Not in dry cloths yet

The slots are to be allocated as part of a bidding process – and only to be taken over by a European competitor who has not received any significant state recapitalization due to the corona pandemic. This could benefit the Irish low-cost airline Ryanair, for example, which wants to get through the crisis without state aid and has heavily criticized the planned entry of the German state into Lufthansa. Ryanair currently flies to Germany’s largest airport, Frankfurt, but is not yet represented in Munich. Conversely, the British low-cost airline Easyjet offers flights from Munich, but has only just withdrawn from Frankfurt.

The Lufthansa Supervisory Board now has to approve the rescue package including the EU requirements. The company then plans to convene an extraordinary general meeting promptly to obtain shareholder approval for the package. The Ministry of Economic Affairs also points out that the agreement is not yet dry: “Incidentally, the talks with the EU Commission on state aid approval are ongoing,” said a statement early Saturday morning. But: “With the intermediate step now achieved, the way is cleared for referral to the Annual General Meeting.”

Ryanair complains of distortion of competition

This was preceded by difficult negotiations between the Federal Government and the EU Commission, which had to agree to the rescue package. According to the “Handelsblatt”, the EU Commission initially requested the delivery of 20 jets. Lufthansa had offered to sell 3 aircraft, but the EU Commission had refused to do so. The Lufthansa Supervisory Board had warned that if the circulation was too high, the hub function at the home airports in Frankfurt and Munich would be weakened. Negotiations have not yet ended with the compromise. Brussels still has to agree to the package. The federal government has to notify it.

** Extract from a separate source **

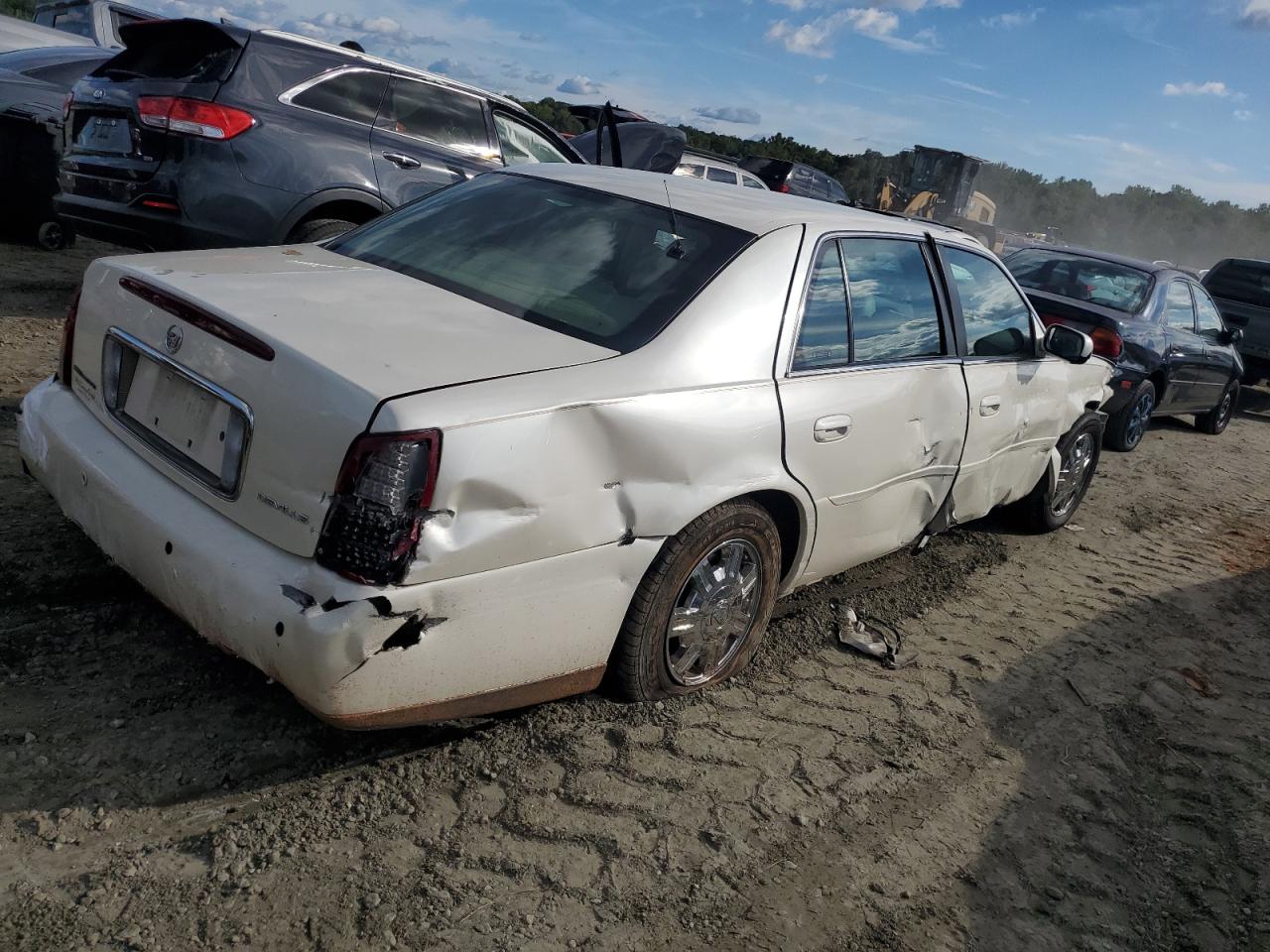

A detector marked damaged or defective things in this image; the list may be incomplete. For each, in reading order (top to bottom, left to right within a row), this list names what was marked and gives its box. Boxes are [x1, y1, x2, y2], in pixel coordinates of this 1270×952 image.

cracked tail light lens [58, 289, 80, 386]
cracked tail light lens [316, 433, 442, 588]
damaged white car [20, 166, 1112, 731]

The responsible Vice President of the EU Commission, Margrethe Vestager, defended the Commission’s request for conditions on Friday. It is not about creating additional obstacles, but about preventing distortions of competition. Vestager explained that the EU Commission is asking Lufthansa to hand over take-off and landing rights in return for state aid, with the importance of slots for competition. “If you want to compete with them, you need slots at an airport,” said the Danish.

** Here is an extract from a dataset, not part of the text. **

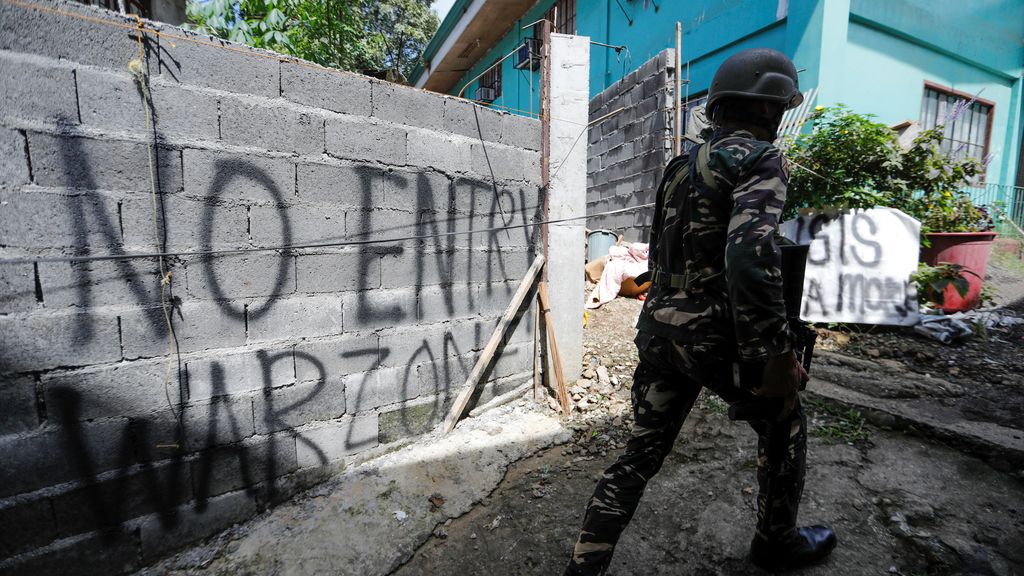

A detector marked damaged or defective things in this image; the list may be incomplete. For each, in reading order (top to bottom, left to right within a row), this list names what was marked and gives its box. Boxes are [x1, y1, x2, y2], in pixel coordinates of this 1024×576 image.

cracked concrete path [137, 399, 573, 573]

The low-cost airline Ryanair had complained of a massive distortion of competition. The billion dollar aid from the German government would further strengthen Lufthansa’s monopoly-like access to the German aviation market, criticized the Irish airline. Ryanair chief Michael O’Leary had announced that he would take action against the state aid.

Entry into economic stabilization funds necessary

An extraordinary general meeting of Lufthansa still has to vote on capital measures that enable the state economic stabilization fund to enter – the federal government had decided in the Corona crisis in order to be able to participate in important companies if necessary. Chancellor Angela Merkel (CDU) had announced a “tough fight” in the CDU presidium on Monday, according to participants, because Brussels only wanted to approve the multi-billion dollar rescue under high conditions.

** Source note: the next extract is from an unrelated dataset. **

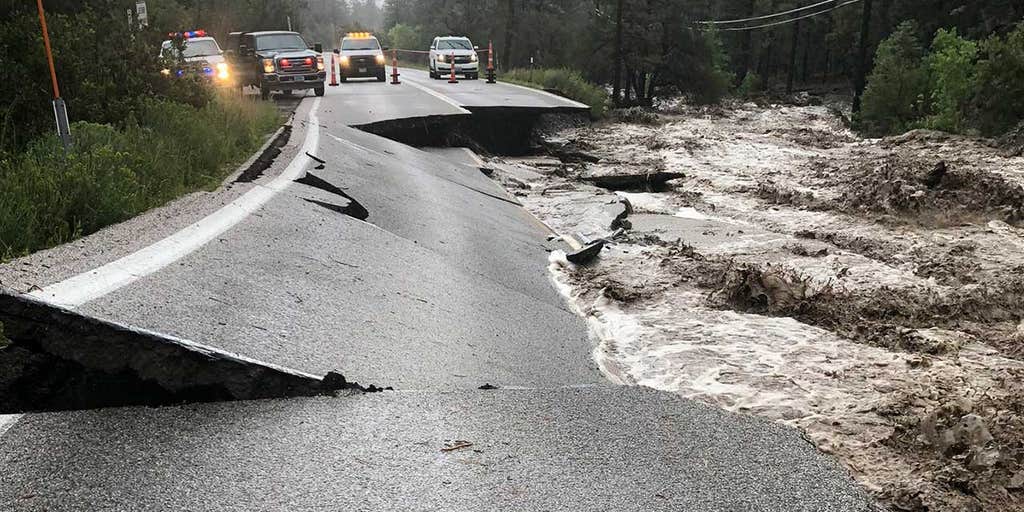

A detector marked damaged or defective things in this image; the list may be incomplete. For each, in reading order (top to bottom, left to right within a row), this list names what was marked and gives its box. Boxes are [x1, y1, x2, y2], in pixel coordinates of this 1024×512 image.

cracked asphalt [2, 79, 880, 508]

The rescue plan for Lufthansa provides that the state economic stabilization fund will subscribe to shares in the course of a capital increase in order to build up a 20 percent stake in the airline’s share capital. In addition, silent deposits totaling up to EUR 5.7 billion and a loan of up to EUR 3 billion are planned. Aid is needed for Lufthansa because the corona pandemic has brought the company’s business, with the exception of freight, to a standstill with the following travel restrictions. As a result, tens of thousands of jobs are on the verge in the group with around 138,000 employees.